• _The task_: Starting at the line that holds "For rent: Bangkok", restate every line word for word up to and including the last one in the listing below, and omit all pictures.

• _Data_:

=== Begin Enclosure ===

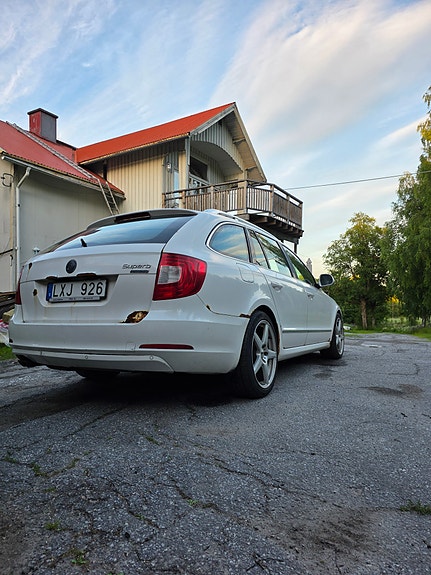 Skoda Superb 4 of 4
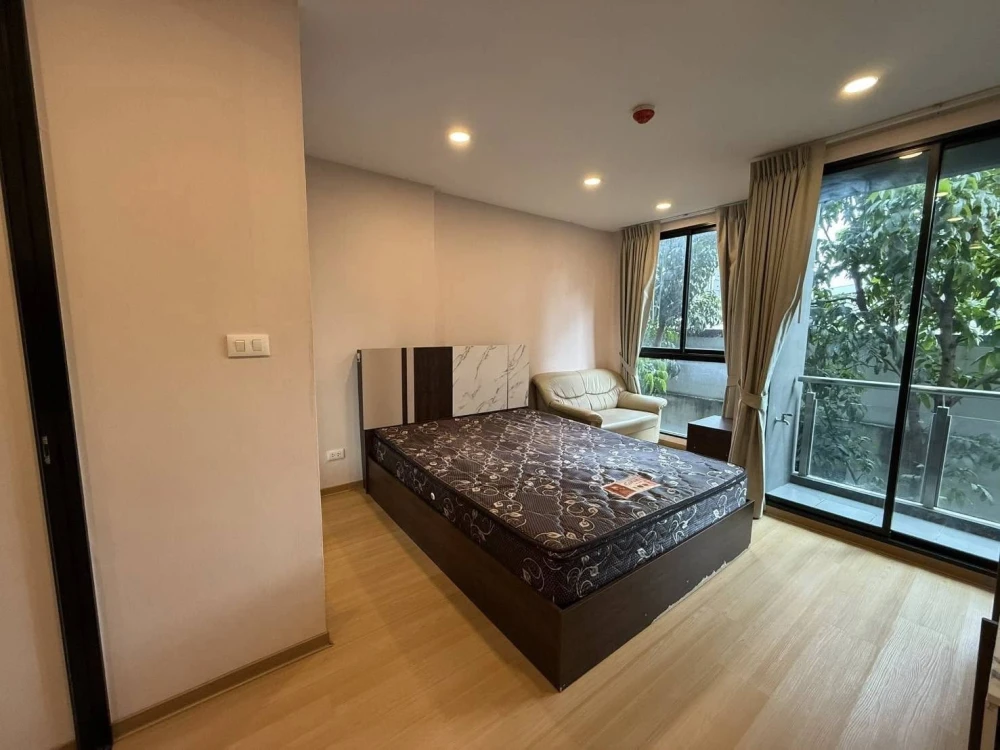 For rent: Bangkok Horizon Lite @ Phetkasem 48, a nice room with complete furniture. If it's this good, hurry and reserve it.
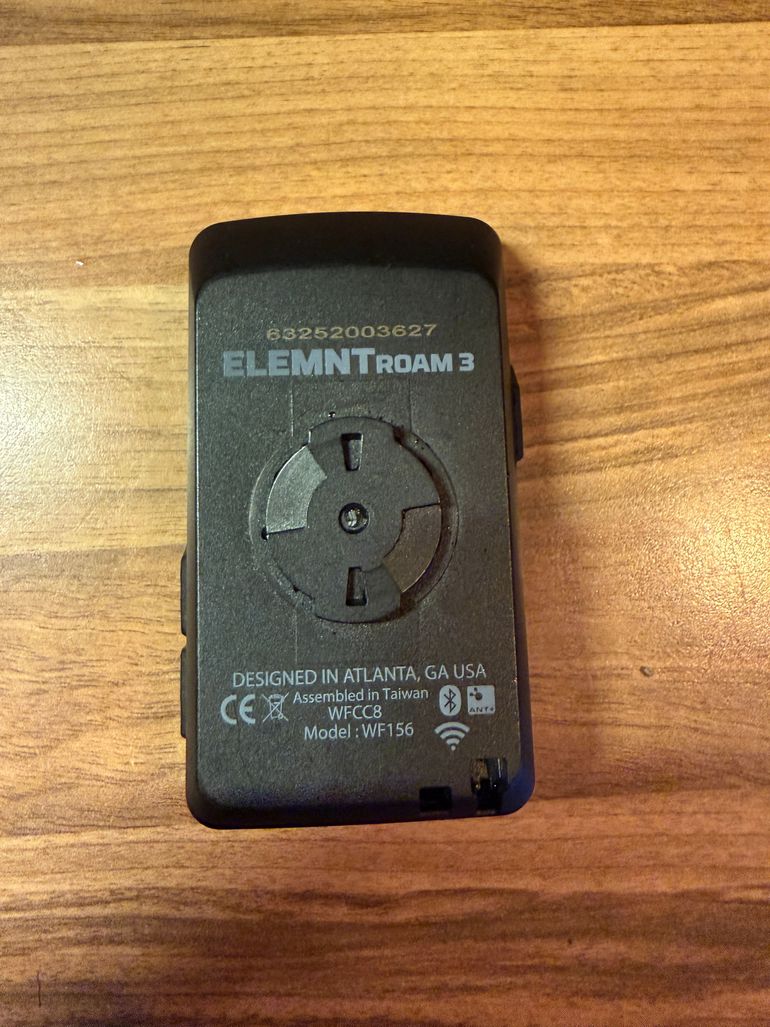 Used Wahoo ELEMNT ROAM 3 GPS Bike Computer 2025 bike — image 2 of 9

=== End Enclosure ===

• _Your solution_:
 For rent: Bangkok Horizon Lite @ Phetkasem 48, a nice room with complete furniture. If it's this good, hurry and reserve it.
 Used Wahoo ELEMNT ROAM 3 GPS Bike Computer 2025 bike — image 2 of 9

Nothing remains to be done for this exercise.